Ten Year Bond Breakout!
Borrowing costs are going up, and this chart says they’re going up a lot – like 200 basis points within the next year or so on mortgages and 10yr Treasuries.
Key to the thesis of Bernanke (and essentially everyone else) that this “V-shaped” recovery could take hold and be sustainable – instead of being a false dawn – is the premise that mortgage rates would behave.
Bernanke’s thesis, in fact was that he could cap 30 year money at 4% or less to prevent home price devaluation.
Well, now the 10 year bond is back where it was before the collapse. That’s good, right? Well, not really – because it means that 30 year money (mortgages) will start backing up shortly and prices on existing Fannie and Freddie (along with other long-duration) paper will start falling.
The target on this breakout of the inverted head-and-shoulders is 6% on the ten year treasury, and approximately 7% on 30 year mortgages. As of today’s pricing (about 5% on that same money) we can back into the home price impact quite simply; the hypothetical $200,000 house will be devalued to $161,644.55.
That is, the same payment that today pays down a $200,000 mortgage will only pay down a $161,644.55 one.
The time on the full expression of this target is one to two years hence, although it can occur sooner. The reliability of this sort of pattern is extremely high, and remains valid conditionally even with a drop back to 3%, and is not invalidated unless the ten year were to get down to 2.03%. Neither is likely.
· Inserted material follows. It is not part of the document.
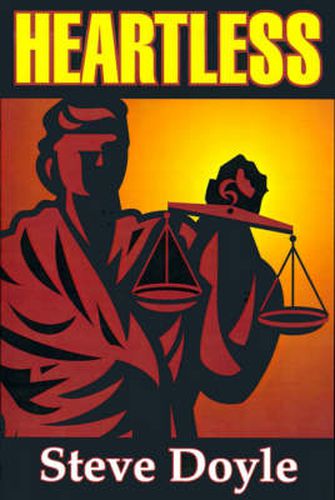 Cover image for Heartless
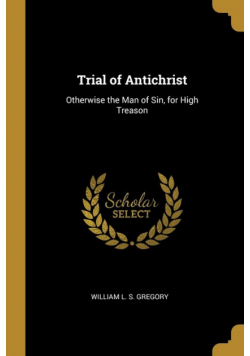 Trial of Antichrist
The entire premise of the so-called “recovery” not only requires stabilization of the housing market but a resumption in home price appreciation. With the cost of mortgage money nearly-certain to rise toward the 7% range over the next year this is simply impossible.
The market will not ignore this for long, once it begins to express itself in actual rates and prices – and it will.
If you’re one of the trapped underwater homeowners who as of today has an opportunity to short-sale your house, take it – while it still is available.
Consider that The Fed is holding a literal trillion of this paper which is likely to come under extreme valuation pressures as rates back up.
Additionally, the sentiment in the market today is positively giddy – those who claim that retail is “not in” need to look at the ISE index, which hit an all time high today. That’s all retail call buyers – they sure are “in”, and now the shears can come out of the drawer.
Parabolic moves like this always go further than you’d expect or believe possible. But the math always wins, and the sort of rate environment we’re seeing now is quite similar to what happened in 1987.
No, this is not predicting a 1987-style crash – at least not today or tomorrow. But with both rates and oil headed up hard the effective tax this presents to the economy is going to hit home immediately and hard, with no evidence that this very same backup in oil is in commodities generally (look at wheat lately?)
That’s not inflation, it’s financial speculation in a blow-off top.
Real job creation and a healthier economy? We’ll see.